A diagram helps because the key is phase separation. Focus on the hard boundary: Scout cannot call side-effect tools, and Execute cannot change the policy/gates selection without re-scouting.
Implementation sketch
Scout phase (read-only)
Constraints:
- Only allow read/search tools.
- Enforce a narrow context budget (for example, max N files opened, max lines).
Outputs:
- Working set: explicit list of files to touch.
- Planned diffs: high-level description of intended edits (not the patch yet).
- Gate plan: required checks selected by a diff-to-gates router policy.
- Risk assessment: tier recommendation (see “Risk-Shaped Autonomy Tiers”).
- Stop conditions: what evidence is required to declare success.
Execute phase (mutating)
Constraints:
- Only allow patch tools, and enforce patch locality budgets.
- Reject edits outside the scoped working set unless the run returns to Scout.
- Enforce approvals if protected surfaces are detected.
Verification:
- Run the gates produced in Scout.
- Capture command outputs and exit codes.
- Success requires evidence; otherwise stop as blocked or continue bounded repair.
Re-scout triggers
Force a return to Scout when:
- The patch touches a file outside the scoped set.
- The diff grows beyond locality budgets.
- A required gate cannot run (missing tool/environment).

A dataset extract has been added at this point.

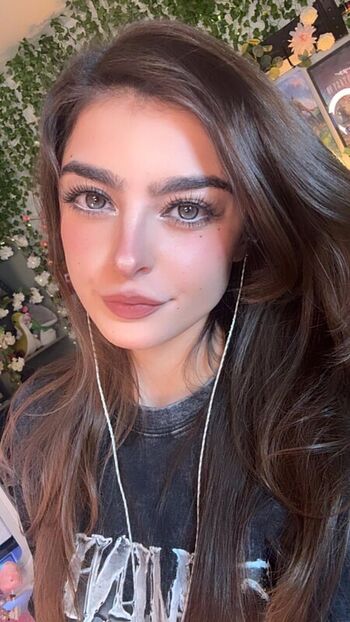 Full leaked Aruuu private photo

- A protected-path rule is encountered.
Concrete examples
Example 1: Fix a failing test without touching unrelated code
Scout:
- Run tests to get the failing file and assertion.
- Read only the failing test and the referenced implementation.

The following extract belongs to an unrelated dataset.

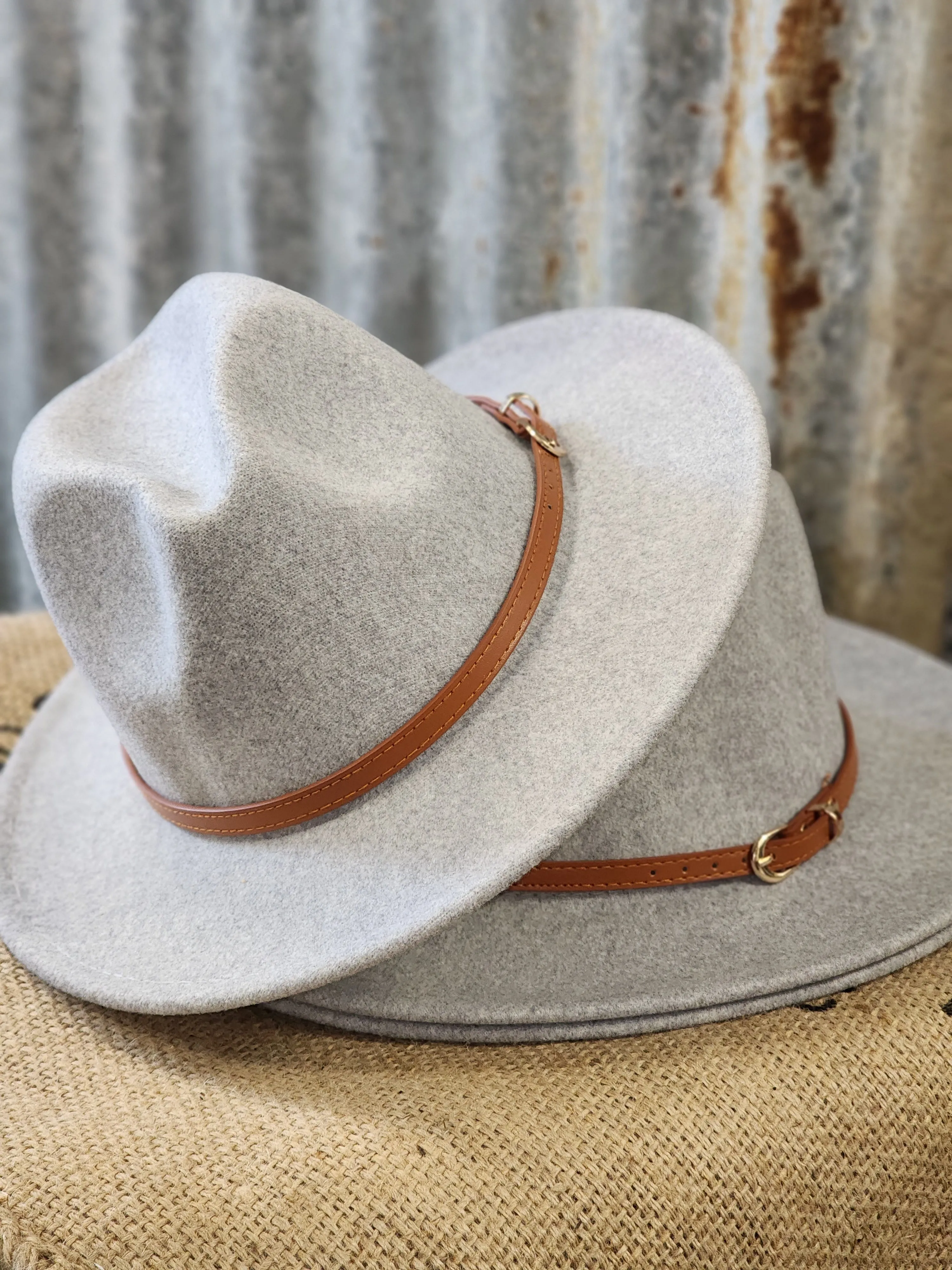 Grey wool Panama hat with buckle band *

- Produce a working set of 2 files and select gates: re-run the single failing test + lint.
Execute:
- Patch only the implementation and test (if needed).
- Re-run the targeted test; stop only when it passes and output is captured.
Result: fewer “fixes” that ripple across the repo because scouting constrained the working set.
Example 2: Add a new documentation page safely
Scout:
- Inspect existing pattern page structure.
- Confirm the nav structure in the site config.
- Select gates: markdown lint and
mkdocs build.
Execute:
- Create the new markdown page.
- Update nav (if required by the repo).
- Run
mkdocs buildand stop only on exit code 0.
Result: avoids broken navigation and ensures the site builds.
Failure modes
- Scout becomes a full crawl: the phase reads too much and burns budget.
- Mitigation: hard cap files/lines; require a selection rationale.
- Phase leakage: side effects happen during Scout.
- Mitigation: enforce tool allowlists in the router/kernel; log rejected tool calls.
- Execute drift: patches expand beyond the scoped plan without re-scouting.
- Mitigation: enforce a working-set contract; violations trigger re-scout.
- Stale assumptions: the repo changes between Scout and Execute.
- Mitigation: record repo SHA or file checksums in Scout; re-scout if changed.
- Verification skipped: the run stops success after patching.
- Mitigation: evidence-first stop gate; success requires gate artifacts.
When not to use
- Single-file, low-risk edits where the discovery phase adds more overhead than safety.
- Environments where read-only tool access is already expensive (slow repositories, heavy remote calls) and the task risk is low.
- Highly interactive tasks where the right working set is not knowable up front (but even there, you can keep Scout minimal and repeated).